AIM OF THE EXERCISE:
Only the lines from the line containing "Lululemon Align High" through the final line of the entries should be printed, exactly as given, with the pictures left out.

++++ INFORMATION PROVIDED

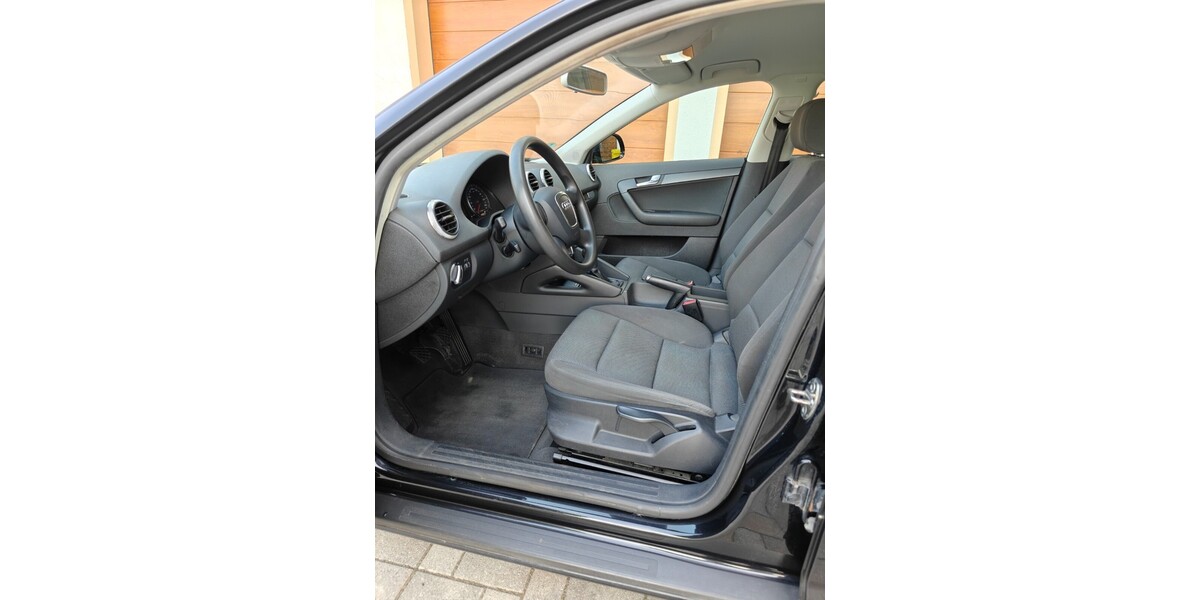 Audi A3 Sportback 293.573 km 4.500 &euro; Unterneukirchen 84579
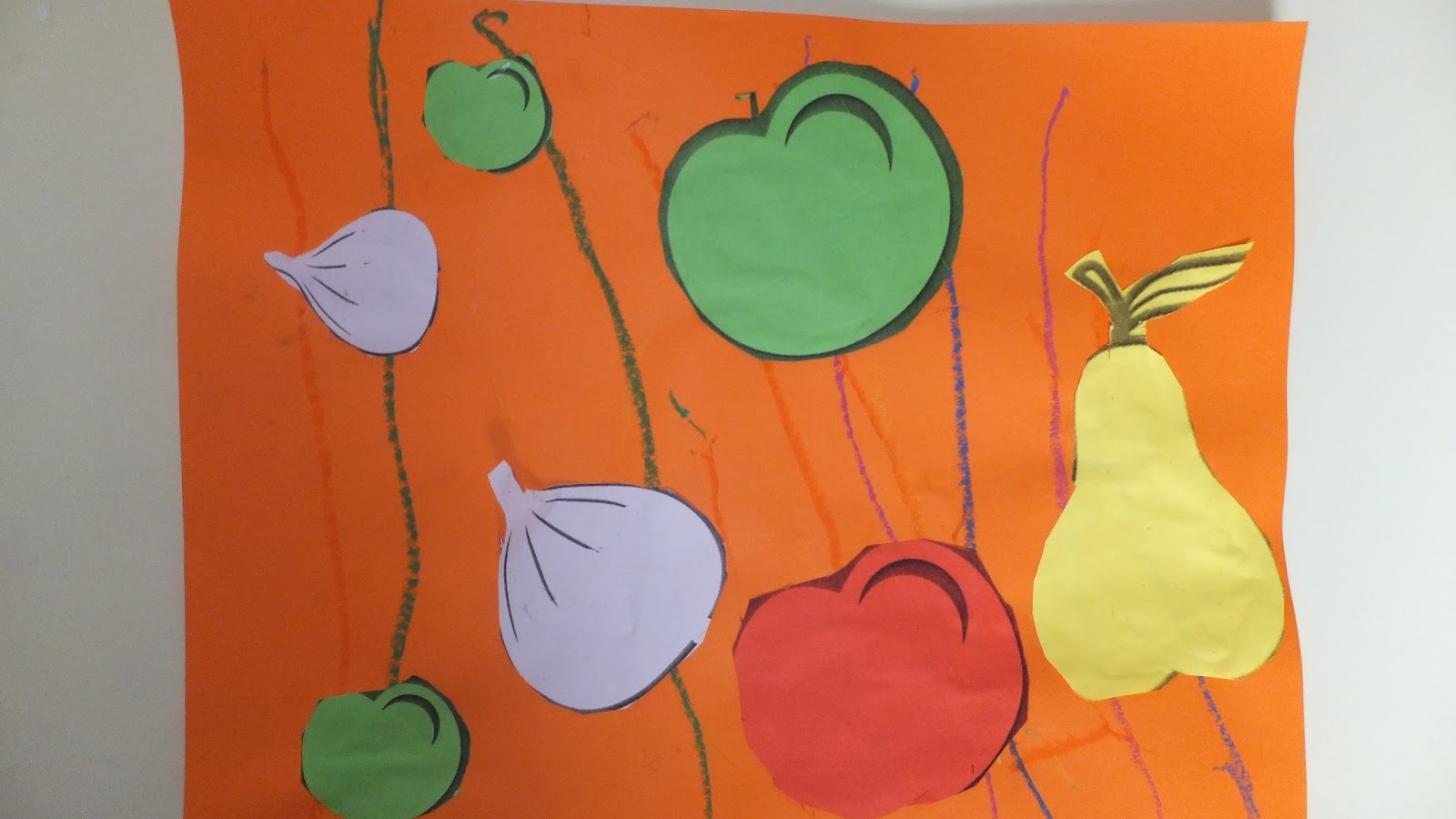 Fruits d'automne composition TPS PS découpage GS d'après Collage et Arts visuels chez Retz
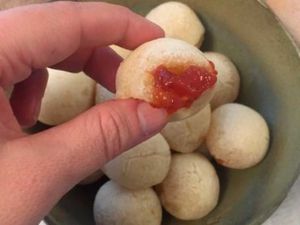 Pãezinhos de batata recheados com goiabada. at Minha Comida Especial in Sao Paulo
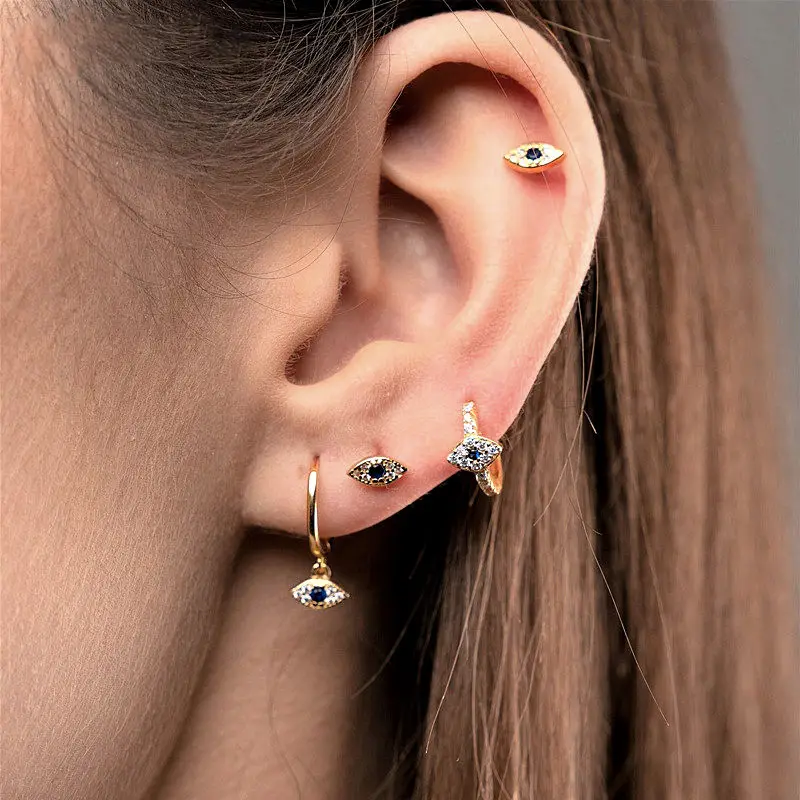 

2021 New Exquisite Beautiful Eyes Zircon Earrings for Woman Simple Elegant Golden Delicate Eye Earrings Jewelry Wholesale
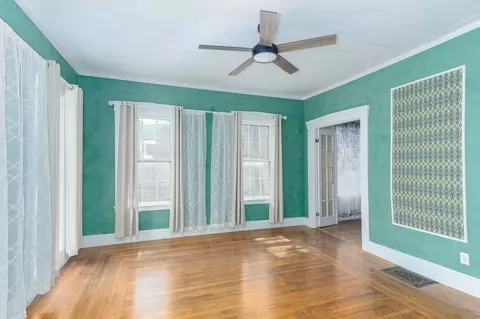 Living - 35 Bacon St, Warren, MA 01083 photo 6 of 7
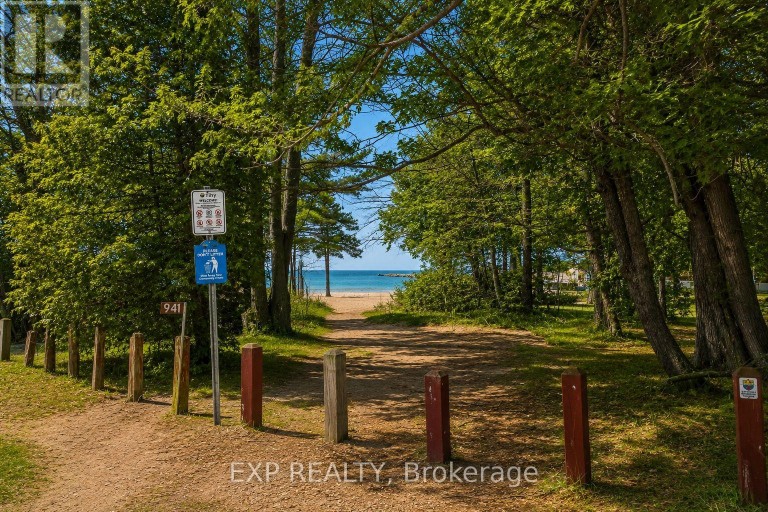 98 RUE VANIER ROAD, Tiny, Ontario, L9M0J2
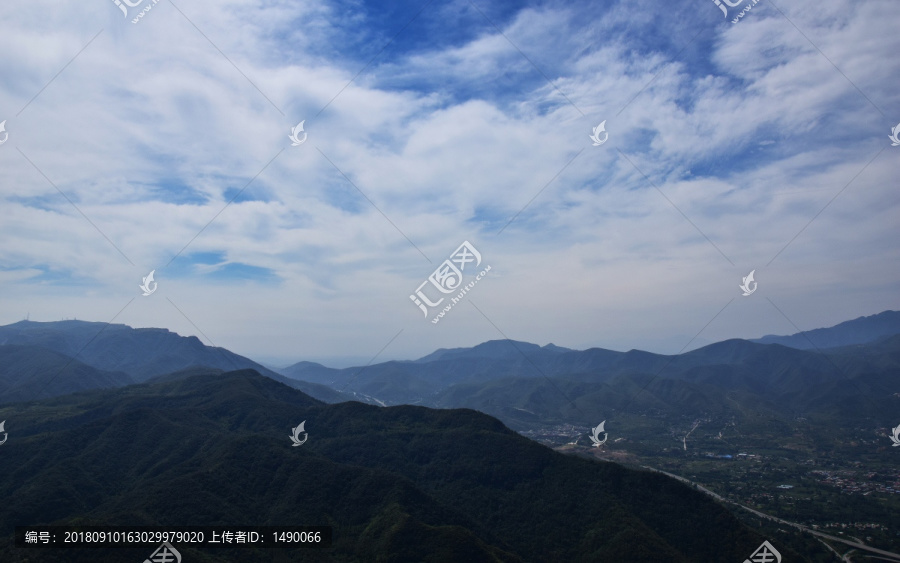 墨绿色延绵山脉风景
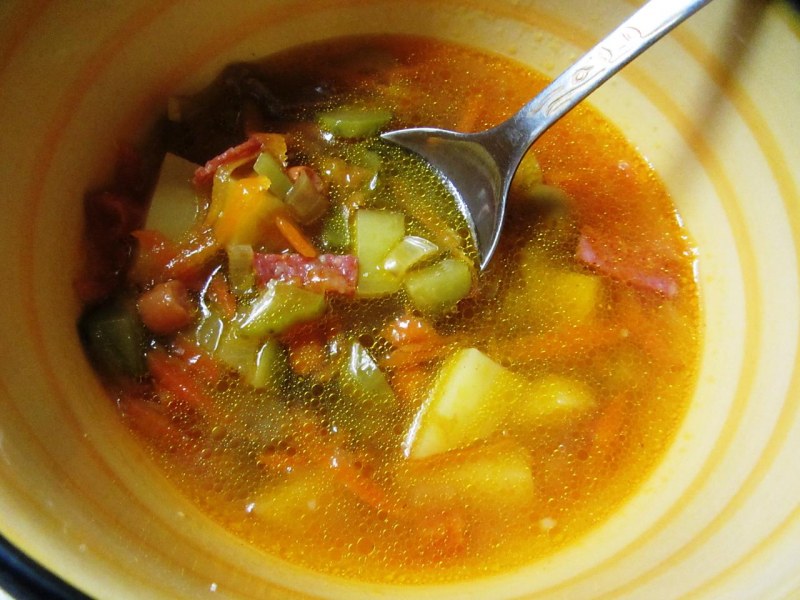 Солянка с колбасками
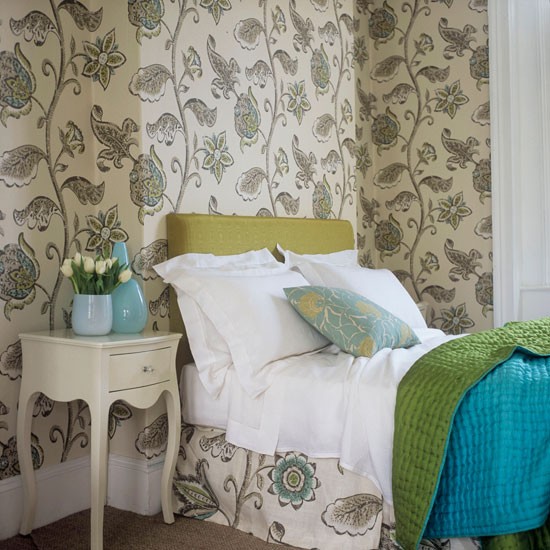 Large Scale Floral Wallpaper In Bedroom With Matching Valance Jpg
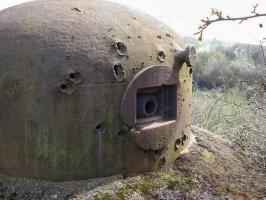 Ligne Maginot - MOIRY - (Casemate d'infanterie - Double) - Cloche GFM avec impacts 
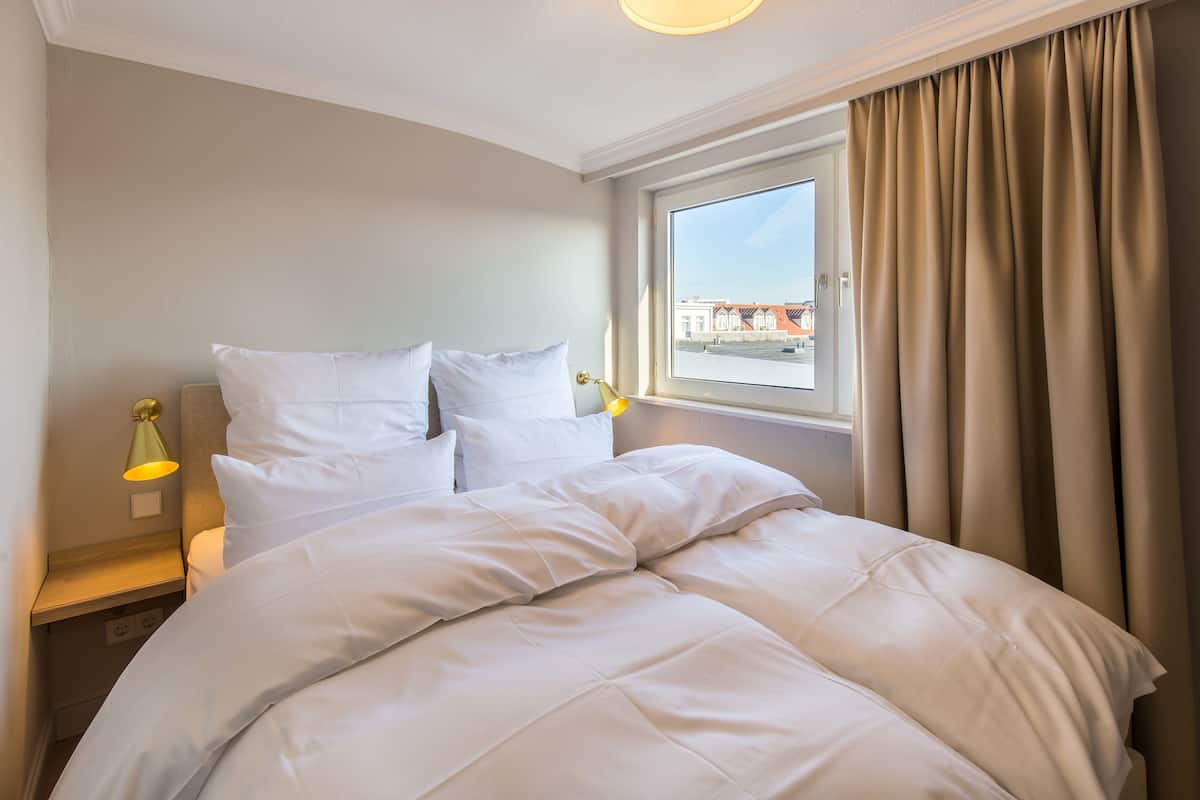 Apartment, 2 Bedrooms | Hypo-allergenic bedding available, soundproofing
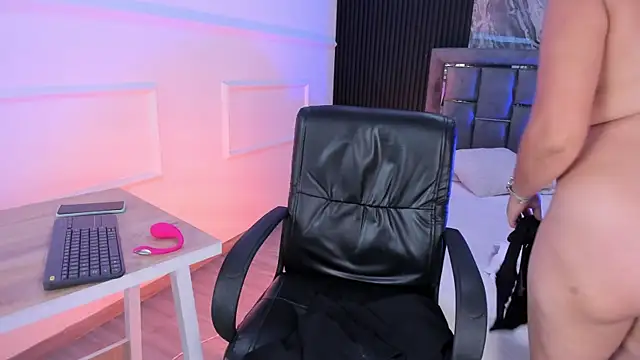 Sienarosewood's Live XXX Chat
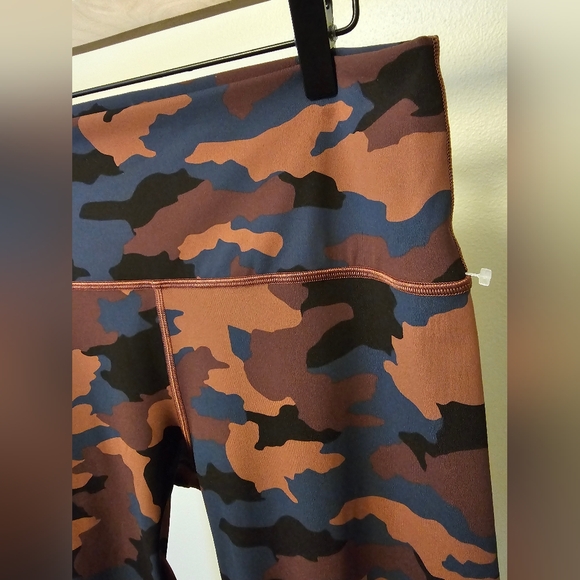 Lululemon Align High Rise Pant - Picture 4 of 12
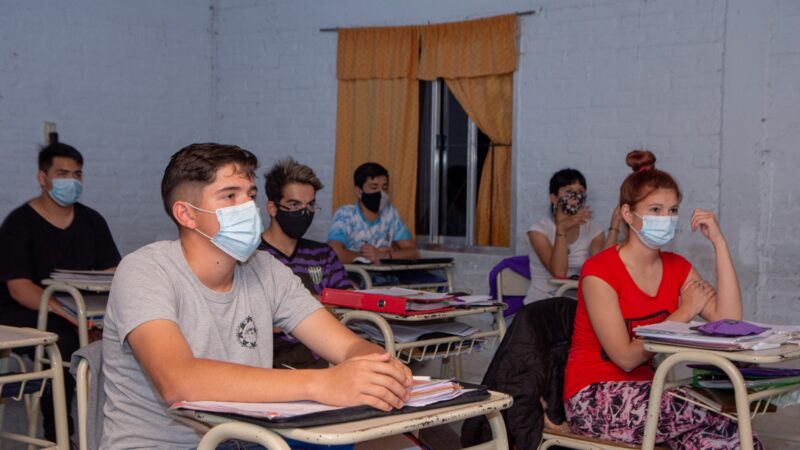 La provincia transfirió más de $185 millones en concepto de becas educativas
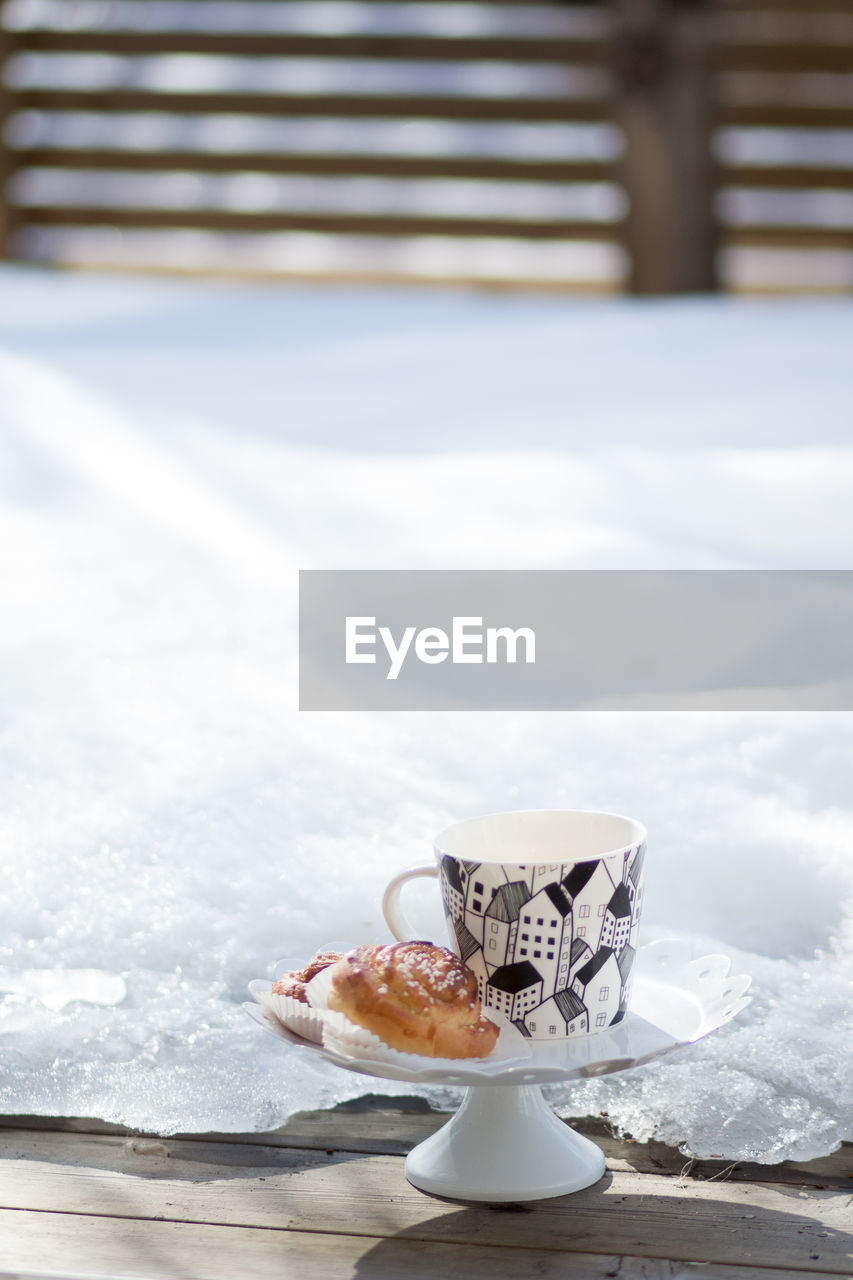 CLOSE-UP OF COFFEE CUP ON PLATE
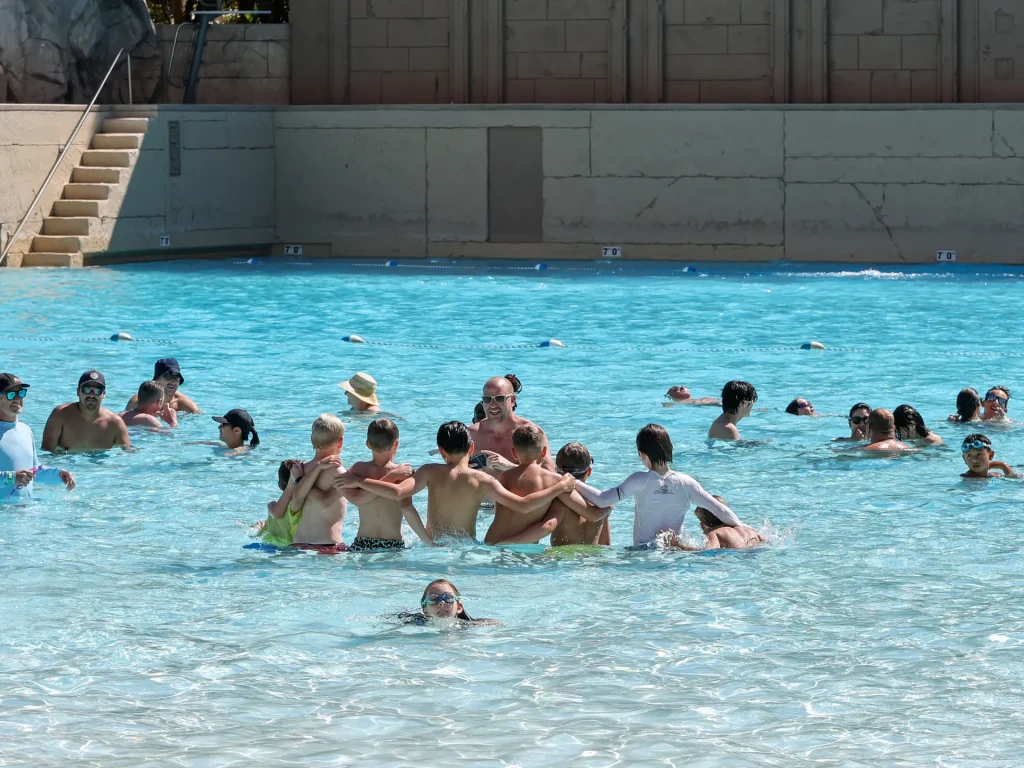 Il sondaggio suggerisce che gli adulti statunitensi si trovano ad affrontare una maggiore tensione a causa del caldo estremo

++++++++

EXERCISE OUTPUT:
 Lululemon Align High Rise Pant - Picture 4 of 12
 La provincia transfirió más de $185 millones en concepto de becas educativas
 CLOSE-UP OF COFFEE CUP ON PLATE
 Il sondaggio suggerisce che gli adulti statunitensi si trovano ad affrontare una maggiore tensione a causa del caldo estremo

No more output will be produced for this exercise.